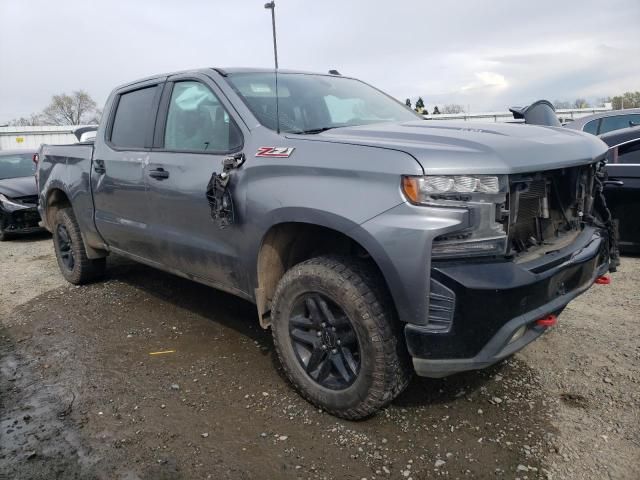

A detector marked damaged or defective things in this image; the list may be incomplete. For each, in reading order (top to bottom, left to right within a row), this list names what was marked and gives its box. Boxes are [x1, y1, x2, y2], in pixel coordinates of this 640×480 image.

truck front end damage [372, 159, 616, 376]
damaged front bumper [408, 227, 612, 376]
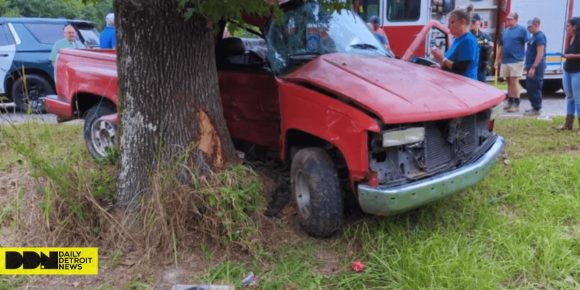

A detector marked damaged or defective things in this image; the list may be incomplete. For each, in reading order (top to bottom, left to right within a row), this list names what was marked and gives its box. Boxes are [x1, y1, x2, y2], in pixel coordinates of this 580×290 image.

crashed red pickup truck [45, 2, 506, 237]
shattered windshield [268, 1, 390, 74]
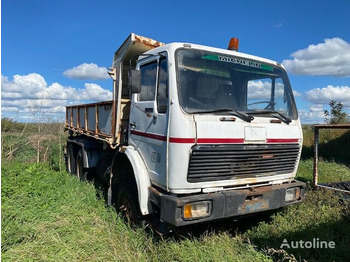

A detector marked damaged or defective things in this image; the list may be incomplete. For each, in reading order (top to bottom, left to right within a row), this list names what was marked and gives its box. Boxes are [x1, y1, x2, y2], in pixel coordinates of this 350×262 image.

rusty metal panel [96, 103, 113, 135]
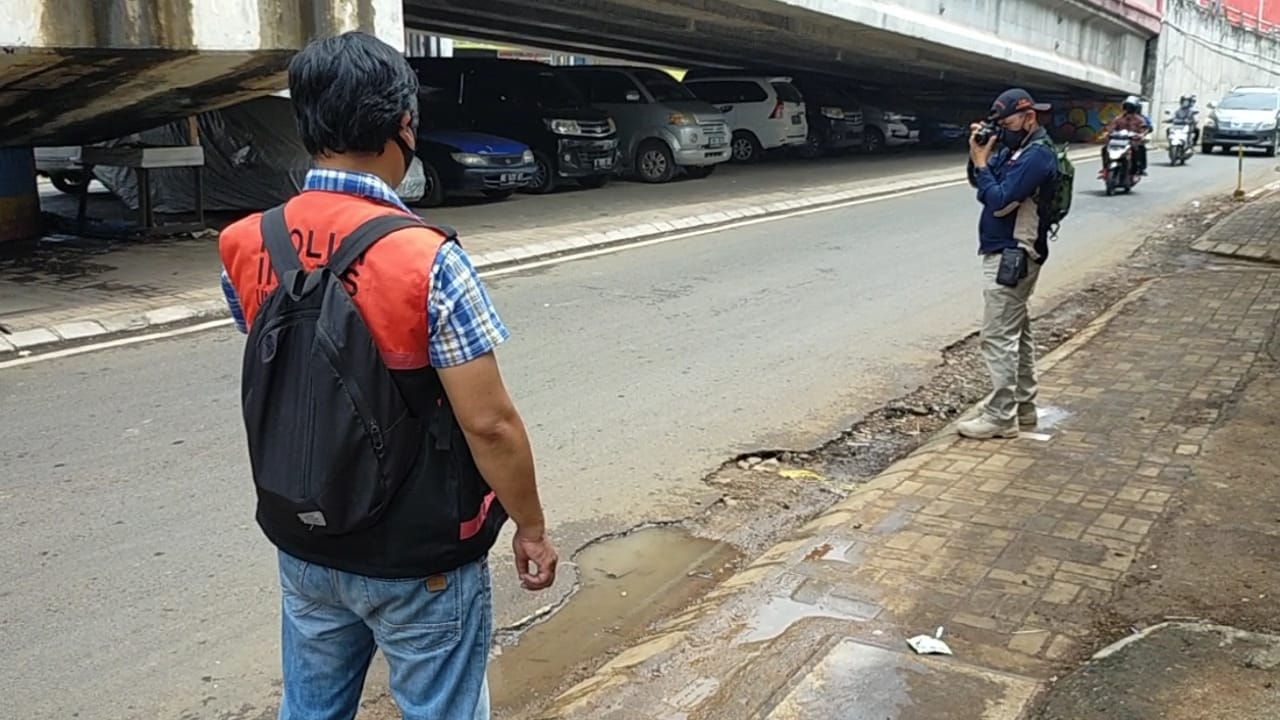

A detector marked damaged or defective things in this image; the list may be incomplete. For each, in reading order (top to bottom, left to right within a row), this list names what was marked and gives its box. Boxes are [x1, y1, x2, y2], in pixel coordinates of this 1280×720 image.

road pothole [488, 524, 744, 716]
damaged road [5, 153, 1272, 720]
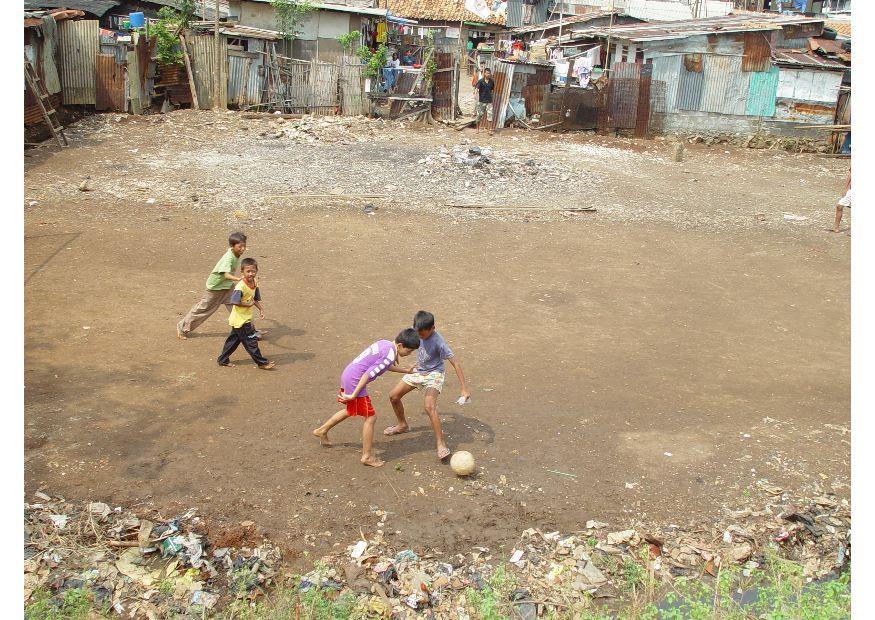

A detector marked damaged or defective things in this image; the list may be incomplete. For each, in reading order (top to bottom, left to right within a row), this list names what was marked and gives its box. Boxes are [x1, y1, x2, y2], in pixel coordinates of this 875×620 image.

rusty metal wall [59, 19, 99, 104]
rusty metal wall [95, 53, 126, 111]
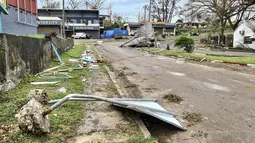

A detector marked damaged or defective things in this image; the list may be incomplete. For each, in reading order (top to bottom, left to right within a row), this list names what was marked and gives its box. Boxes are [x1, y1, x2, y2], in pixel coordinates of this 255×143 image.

damaged road [95, 41, 255, 143]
◇ ◇ ◇ ◇ ◇ ◇ ◇
- [Assigned task] Leaving every picture out, write out exactly the lines from the one that holds "this 350×262 image." through the end of the listing, both included.

- [Exercise output]
A detector marked damaged or defective things in this image; the list may be incomplete. For each, in reading order (top to bottom, left to right within a row), this list names what was marked and gives its box. Boxes are [x1, y1, x2, y2], in pixel coordinates of this 350×262 image.

rusty metal panel [96, 103, 113, 135]

A detector marked damaged or defective things in this image; the list may be incomplete. For each, in reading order (top to bottom, left to right within a row), this list names what was marked and gives its box. Boxes are [x1, y1, x2, y2], in pixel coordinates of this 1280×720 image.

road pothole [488, 524, 744, 716]
damaged road [5, 153, 1272, 720]

A detector marked damaged or defective things in this image; the list may be incomplete. For each, in reading order (top to bottom, left to right within a row), this list names what was marked and gives its box. Boxes are [x1, y1, x2, y2], in pixel coordinates of this 875×620 image.

rusty metal wall [59, 19, 99, 104]
rusty metal wall [95, 53, 126, 111]

A detector marked damaged or defective things in this image; the list may be incomplete. For each, in reading order (top to bottom, left to right within a row), this list names what was marked and gives its box. Boxes are [x1, y1, x2, y2], in pixel coordinates of this 255×143 image.

damaged road [95, 41, 255, 143]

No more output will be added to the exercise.